2) CBD Crackdown: The legality of CBD is hazy. And the Food and Drug Administration (FDA) cited the need for more research be done into the safety of CBD consumption. The FDA will be forced to make a ruling on CBD. And the agency will likely begin targeting CBD-infused food and beverage products, as well as supplements. Any health benefits and claims will see increased scrutiny and warnings.

3) Illinois Gets It Right: We’ve seen failure after failure when it comes to new marijuana market launches. California stands out as the biggest dud. Its rollout was mired in missteps and red tape. But there is hope – though tempered – that when Illinois adult-use sales kick off to start the new year, it’ll be one of the few success stories, like Colorado or Nevada.

4) Show Me the Money! For cannabis companies, 2020 will be all about profitability, not growth or expansion. And that will mean focusing more on efficiencies. Expect big investments into enterprise resource management software and platforms. And I think those multistate operators that have remained laser-focused on only one or two markets will have the advantage.

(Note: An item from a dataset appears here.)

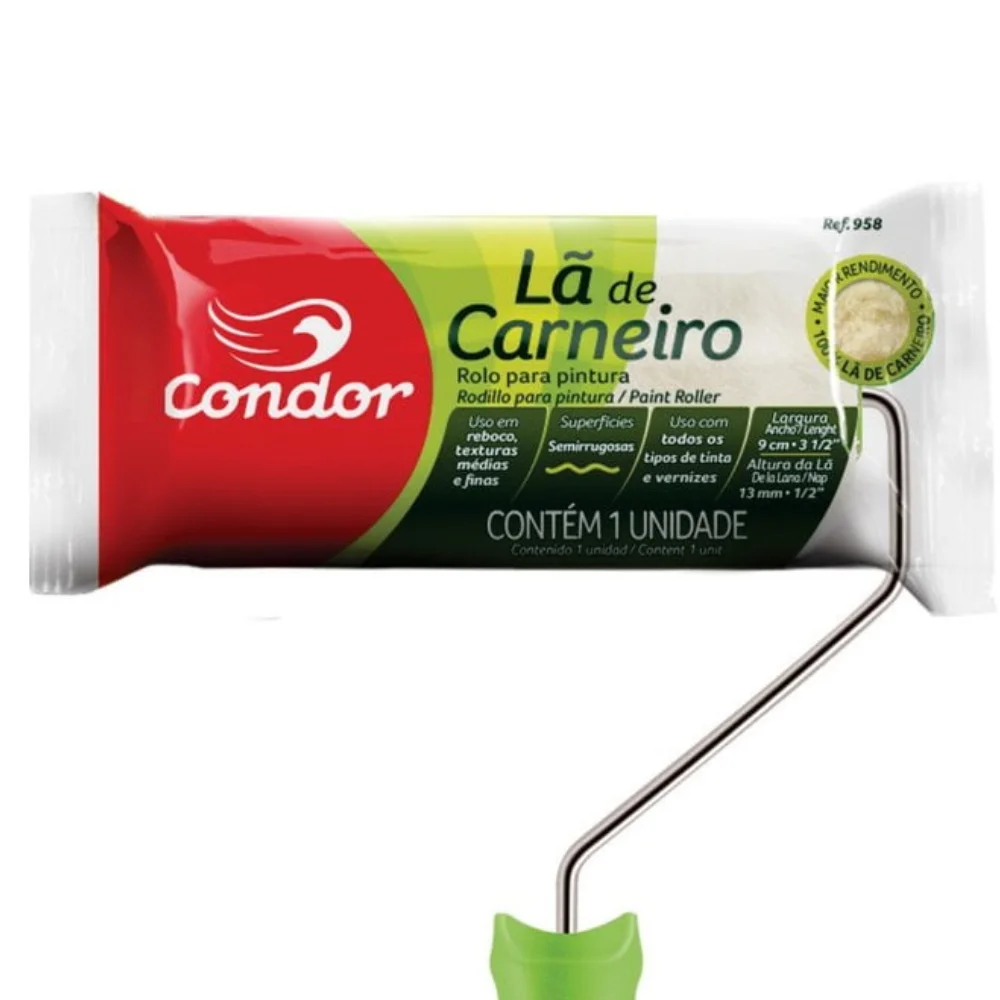 Rolo de Lã Carneiro 5 cm - Condor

5) Which Side Do You Choose? On one hand, there’s the medical marijuana market. On the other, there’s adult-use or recreational. Very few companies will be able to successfully conquer both. Most companies in the U.S. and Canada are going to have to make a choice. Are they going to focus on recreational or medical? 2020 will see the beginning of those distinctions.

Over the past month, our benchmark, the Horizons Marijuana Life Sciences Index ETF (OTC: HMLSF), is in the green!

Horizon Lifesciences Marijuana ETF

It’s been quite some time since we’ve been able to celebrate that.

We can thank the Cannabis 2.0 optimism for helping pot stock shares push off from their multiyear lows.

Now, despite all the turbulence and share price declines in 2019, most people at the world’s largest cannabis conference shrugged it off.

Because the reality is that this is a nascent North American industry. As the adage goes, “You have to learn to walk before you can run.”

Canada’s national, legal adult-use market is only 14 months old.

It’s suffered its share of bumps and bruises. But like any 14-month-old, it’s still learning how to walk on new legs.

In the U.S., the market fractured.

There are 33 states that have legalized medical use and 11 that have legalized adult-use.

The race was on in 2019 for companies to expand their footprint to as many of those markets as possible. And they stumbled. They tried to run before they could walk.

Cannabis is both a marathon and a sprint. We know a change at the federal level is coming to the U.S. It’s merely a matter of when. And we know that Canada has high hopes for Cannabis 2.0 legalization. But it won’t be the savior overnight.

In 2020, pot stocks will be making long-measured strides, pacing themselves for the marathon ahead.

The sprint is over. Now the endurance race begins.